The always-brilliant John Michael Greer said some things about the actual magical ancestors of most Americans that are still working their way into my subconscious so that they can work their way back out. What’s romantically-meaningful for me is the bone-shaking (by which I mean that she sits and shakes bones) magic done by an old, long-toe-nailed, shivering crone (whom I suppose that only I have ever seen, and, only then, in deep trance) at the edge of an ice-age cave, substituting, for the wolves, her own old scent in exchange for the fresh-blood scent of her giving-birth and her menstruating daughters, all hidden deeper in the cave, in what is now Scandinavia.
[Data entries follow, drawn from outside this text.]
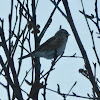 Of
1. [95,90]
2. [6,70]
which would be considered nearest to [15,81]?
[6,70]

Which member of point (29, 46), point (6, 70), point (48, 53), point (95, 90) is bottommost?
point (95, 90)

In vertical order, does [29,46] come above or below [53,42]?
below

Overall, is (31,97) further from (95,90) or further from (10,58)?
(95,90)

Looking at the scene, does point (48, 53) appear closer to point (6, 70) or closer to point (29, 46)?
point (29, 46)

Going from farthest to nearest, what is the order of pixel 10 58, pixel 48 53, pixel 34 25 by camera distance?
1. pixel 48 53
2. pixel 34 25
3. pixel 10 58

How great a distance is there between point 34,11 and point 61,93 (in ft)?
3.22

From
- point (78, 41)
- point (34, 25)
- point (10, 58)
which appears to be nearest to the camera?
point (78, 41)

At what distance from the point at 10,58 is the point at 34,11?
0.77 metres

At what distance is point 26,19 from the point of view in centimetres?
272

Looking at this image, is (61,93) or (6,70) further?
(61,93)

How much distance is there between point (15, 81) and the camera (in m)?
2.04

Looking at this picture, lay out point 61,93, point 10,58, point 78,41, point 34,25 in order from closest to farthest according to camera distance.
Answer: point 78,41, point 10,58, point 61,93, point 34,25

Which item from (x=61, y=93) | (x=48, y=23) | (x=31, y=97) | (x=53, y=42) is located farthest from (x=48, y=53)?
(x=31, y=97)

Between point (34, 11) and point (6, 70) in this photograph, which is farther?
point (34, 11) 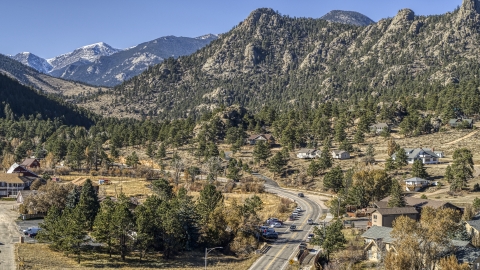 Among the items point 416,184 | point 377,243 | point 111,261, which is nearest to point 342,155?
point 416,184

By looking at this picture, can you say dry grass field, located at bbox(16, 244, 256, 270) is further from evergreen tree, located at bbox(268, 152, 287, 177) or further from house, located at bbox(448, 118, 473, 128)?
house, located at bbox(448, 118, 473, 128)

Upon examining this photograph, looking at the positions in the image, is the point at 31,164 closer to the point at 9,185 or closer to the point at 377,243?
the point at 9,185

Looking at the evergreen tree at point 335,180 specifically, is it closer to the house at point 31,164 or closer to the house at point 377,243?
the house at point 377,243

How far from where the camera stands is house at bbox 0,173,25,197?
11675 cm

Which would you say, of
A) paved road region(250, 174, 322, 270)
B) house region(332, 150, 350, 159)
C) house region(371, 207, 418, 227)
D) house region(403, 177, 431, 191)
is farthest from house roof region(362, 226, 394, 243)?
house region(332, 150, 350, 159)

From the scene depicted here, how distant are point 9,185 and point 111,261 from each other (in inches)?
2516

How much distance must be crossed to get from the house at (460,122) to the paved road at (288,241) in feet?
239

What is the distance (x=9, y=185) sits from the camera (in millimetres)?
117250

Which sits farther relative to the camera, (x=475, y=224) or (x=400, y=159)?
(x=400, y=159)

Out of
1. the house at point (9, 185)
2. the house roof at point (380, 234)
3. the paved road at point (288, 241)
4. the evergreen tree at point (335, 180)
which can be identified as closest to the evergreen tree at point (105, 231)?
the paved road at point (288, 241)

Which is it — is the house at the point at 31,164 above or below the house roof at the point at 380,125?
below

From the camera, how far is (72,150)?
502ft

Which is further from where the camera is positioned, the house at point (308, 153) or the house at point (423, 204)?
the house at point (308, 153)

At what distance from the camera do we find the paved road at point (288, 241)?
217 ft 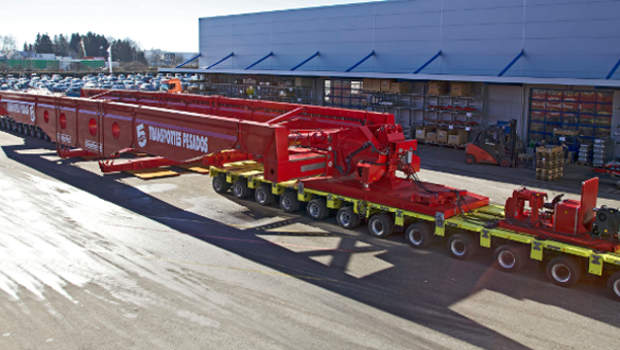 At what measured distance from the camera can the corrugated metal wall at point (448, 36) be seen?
76.2 ft

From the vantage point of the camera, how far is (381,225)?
12883 mm

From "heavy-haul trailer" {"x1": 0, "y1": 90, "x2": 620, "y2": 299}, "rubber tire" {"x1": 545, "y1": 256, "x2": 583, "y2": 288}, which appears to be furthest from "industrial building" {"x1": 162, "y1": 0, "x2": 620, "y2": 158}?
"rubber tire" {"x1": 545, "y1": 256, "x2": 583, "y2": 288}

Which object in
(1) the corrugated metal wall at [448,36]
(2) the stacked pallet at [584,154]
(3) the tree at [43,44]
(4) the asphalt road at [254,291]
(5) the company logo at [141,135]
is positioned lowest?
(4) the asphalt road at [254,291]

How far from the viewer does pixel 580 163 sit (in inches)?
897

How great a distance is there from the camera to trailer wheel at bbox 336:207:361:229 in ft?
44.4

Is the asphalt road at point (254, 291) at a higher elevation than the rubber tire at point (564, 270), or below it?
below

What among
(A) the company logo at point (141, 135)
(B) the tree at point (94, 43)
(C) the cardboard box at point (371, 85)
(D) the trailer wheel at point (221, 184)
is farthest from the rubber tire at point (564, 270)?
(B) the tree at point (94, 43)

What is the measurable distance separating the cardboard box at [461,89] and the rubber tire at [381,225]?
50.6 feet

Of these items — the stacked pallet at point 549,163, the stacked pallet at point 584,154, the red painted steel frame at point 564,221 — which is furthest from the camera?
the stacked pallet at point 584,154

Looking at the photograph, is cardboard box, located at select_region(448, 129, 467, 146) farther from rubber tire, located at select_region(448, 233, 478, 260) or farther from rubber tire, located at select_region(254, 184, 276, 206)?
rubber tire, located at select_region(448, 233, 478, 260)

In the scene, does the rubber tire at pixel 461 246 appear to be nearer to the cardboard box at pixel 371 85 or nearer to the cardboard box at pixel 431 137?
the cardboard box at pixel 431 137

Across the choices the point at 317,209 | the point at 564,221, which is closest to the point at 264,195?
the point at 317,209

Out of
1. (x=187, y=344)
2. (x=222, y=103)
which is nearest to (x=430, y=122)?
(x=222, y=103)

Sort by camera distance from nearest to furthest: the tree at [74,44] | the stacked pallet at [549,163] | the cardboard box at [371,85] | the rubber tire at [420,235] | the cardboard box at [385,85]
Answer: the rubber tire at [420,235], the stacked pallet at [549,163], the cardboard box at [385,85], the cardboard box at [371,85], the tree at [74,44] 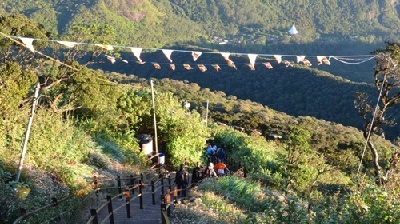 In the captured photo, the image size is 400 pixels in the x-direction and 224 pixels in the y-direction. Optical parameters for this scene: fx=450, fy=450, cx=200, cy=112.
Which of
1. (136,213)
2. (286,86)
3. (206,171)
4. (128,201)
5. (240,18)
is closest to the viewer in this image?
(128,201)

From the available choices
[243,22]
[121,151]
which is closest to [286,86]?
[121,151]

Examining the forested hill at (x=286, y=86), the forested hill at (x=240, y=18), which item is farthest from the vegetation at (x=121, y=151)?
the forested hill at (x=240, y=18)

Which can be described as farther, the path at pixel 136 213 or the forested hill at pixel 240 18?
the forested hill at pixel 240 18

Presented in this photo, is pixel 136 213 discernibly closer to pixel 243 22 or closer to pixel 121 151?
pixel 121 151

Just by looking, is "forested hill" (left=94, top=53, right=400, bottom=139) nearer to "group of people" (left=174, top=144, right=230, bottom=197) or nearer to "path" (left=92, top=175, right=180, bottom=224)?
"group of people" (left=174, top=144, right=230, bottom=197)

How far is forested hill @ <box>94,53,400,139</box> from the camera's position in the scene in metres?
55.1

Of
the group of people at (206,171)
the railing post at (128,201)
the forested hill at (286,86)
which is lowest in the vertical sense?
the forested hill at (286,86)

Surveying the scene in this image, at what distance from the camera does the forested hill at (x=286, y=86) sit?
181 ft

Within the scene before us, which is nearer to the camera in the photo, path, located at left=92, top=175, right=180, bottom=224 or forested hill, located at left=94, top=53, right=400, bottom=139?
path, located at left=92, top=175, right=180, bottom=224

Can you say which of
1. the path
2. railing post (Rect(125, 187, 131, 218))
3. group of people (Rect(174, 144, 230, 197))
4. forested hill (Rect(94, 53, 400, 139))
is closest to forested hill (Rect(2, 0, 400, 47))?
forested hill (Rect(94, 53, 400, 139))

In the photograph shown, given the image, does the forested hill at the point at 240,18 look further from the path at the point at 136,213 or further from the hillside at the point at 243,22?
the path at the point at 136,213

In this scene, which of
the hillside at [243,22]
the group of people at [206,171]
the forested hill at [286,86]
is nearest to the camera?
the group of people at [206,171]

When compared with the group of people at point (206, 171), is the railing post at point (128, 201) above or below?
above

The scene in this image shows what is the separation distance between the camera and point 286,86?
68.1m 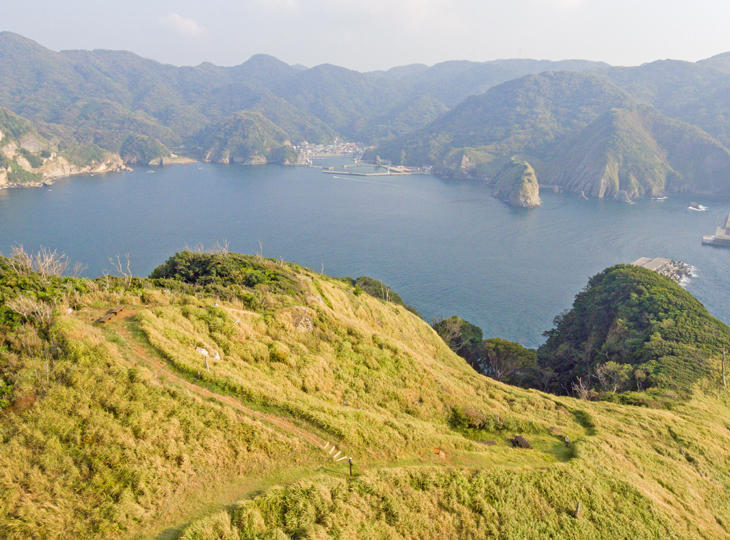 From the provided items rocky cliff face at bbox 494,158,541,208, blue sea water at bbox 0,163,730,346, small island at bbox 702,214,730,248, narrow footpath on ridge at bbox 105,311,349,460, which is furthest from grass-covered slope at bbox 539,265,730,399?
rocky cliff face at bbox 494,158,541,208

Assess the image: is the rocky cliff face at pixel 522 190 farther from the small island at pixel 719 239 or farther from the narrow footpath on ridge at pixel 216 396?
the narrow footpath on ridge at pixel 216 396

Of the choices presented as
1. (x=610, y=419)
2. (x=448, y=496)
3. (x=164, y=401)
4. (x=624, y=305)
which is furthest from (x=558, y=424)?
(x=624, y=305)

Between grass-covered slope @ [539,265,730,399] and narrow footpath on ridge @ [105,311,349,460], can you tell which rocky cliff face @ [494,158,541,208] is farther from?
narrow footpath on ridge @ [105,311,349,460]

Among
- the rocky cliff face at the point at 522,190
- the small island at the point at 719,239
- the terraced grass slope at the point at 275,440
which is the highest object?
the rocky cliff face at the point at 522,190

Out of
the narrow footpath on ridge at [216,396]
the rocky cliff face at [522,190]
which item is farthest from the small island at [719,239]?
the narrow footpath on ridge at [216,396]

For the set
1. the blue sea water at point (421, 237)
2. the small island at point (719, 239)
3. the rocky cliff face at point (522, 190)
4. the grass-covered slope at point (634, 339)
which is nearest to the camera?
the grass-covered slope at point (634, 339)

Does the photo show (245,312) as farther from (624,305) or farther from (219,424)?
(624,305)

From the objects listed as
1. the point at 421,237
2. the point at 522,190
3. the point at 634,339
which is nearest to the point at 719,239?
the point at 522,190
What may be far closer in time to me is the Xian-covered magic of a member of The Grange in Colorado or of a Spiritualist in Ohio. How do I integrate all of these within the beloved magical opening between the core of Gaia and the energy of the stars that is my body? How do I do what the Bene Gesserit (another mythology that is on my mind these days) did and assimilate the magics of all of my ancestresses?
*And speaking of my actual magical ancestors, (and maybe I’m the only one who sees a connection here) I’ve spent part of this lovely, rainy weekend reading a delicious book entitled Freedom’s Cap: The United States Capitol and the Coming of the Civil War. Readers who’ve followed my attempts to come up with a knitting pattern for Phrygian caps (and I do promise to post the updated pattern soon) will understand my delight at finding this book.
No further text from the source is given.